L’assistant ne se contente pas d’attendre que l’utilisatrice ou l’utilisateur lui parle : il peut lancer des conversations en fonction des signaux émotionnels détectés. L’idée est d’offrir un système d’aide plus humain et plus réactif aux personnes éprouvant du stress, de l’anxiété ou un épuisement émotionnel.
Cette approche novatrice qui combine l’intelligence émotionnelle et le traitement du langage naturel ouvre la porte à la création d’outils numériques de soins en santé mentale plus proactifs et empathiques.
Recherche et collaboration axées sur l’être humain
Les travaux du professeur Alghoul sont ancrés dans la collaboration. À l’Université d’Ottawa, il mène ses recherches sous la direction d’Hussein Al Osman, professeur agrégé et responsable du groupe de traitement et d’interaction multimédia, et d’Abdulmotaleb El Saddik, professeur éminent et titulaire de la Chaire de recherche universitaire sur les environnements interactifs ambiants. Le professeur El Saddik est aussi directeur du Laboratoire de recherche sur les communications multimédias.
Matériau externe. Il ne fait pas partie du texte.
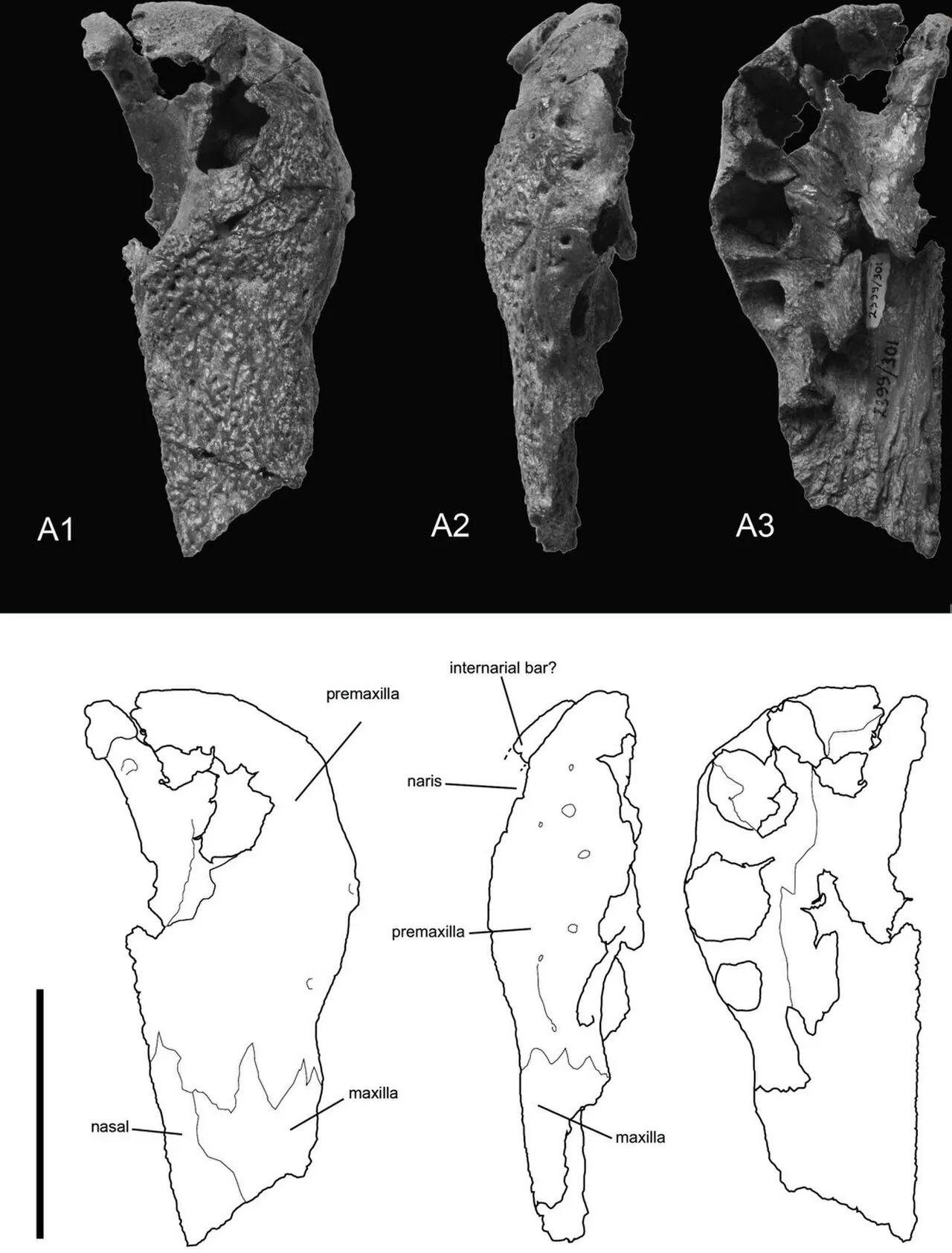 คันไซซูคัส (Kansajsuchus)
Pour sa part, le professeur Alghoul est candidat au doctorat et possède une expérience professionnelle dans le secteur des télécommunications. Il apporte donc à ses recherches expertise universitaire et connaissance du secteur.
Il prévoit de mettre au point un prototype fonctionnel et de collaborer plus étroitement avec des spécialistes de la psychologie pour que les interventions de ses systèmes d’IA dotés d’une intelligence émotionnelle soient adéquates, éthiques et fondées sur de véritables comportements humains.
Vers un avenir numérique plus empathique
À la Faculté de génie de l’Université d’Ottawa, des chercheuses et chercheurs comme Karim Alghoul s’affairent à développer des technologies et des systèmes d’IA dotés d’une intelligence émotionnelle qui seront en mesure d’améliorer nos vies. L’informatique affective est encore un domaine en expansion, mais nous voyons déjà ses effets.
Cherchant autant à améliorer le soutien offert en santé mentale qu’à mettre au point de meilleurs outils d’apprentissage, les travaux du professeur Alghoul dans le domaine de l’informatique affective et des technologies sensibles aux émotions contribuent à façonner un avenir où les machines seront capables de comprendre les données… mais les gens également.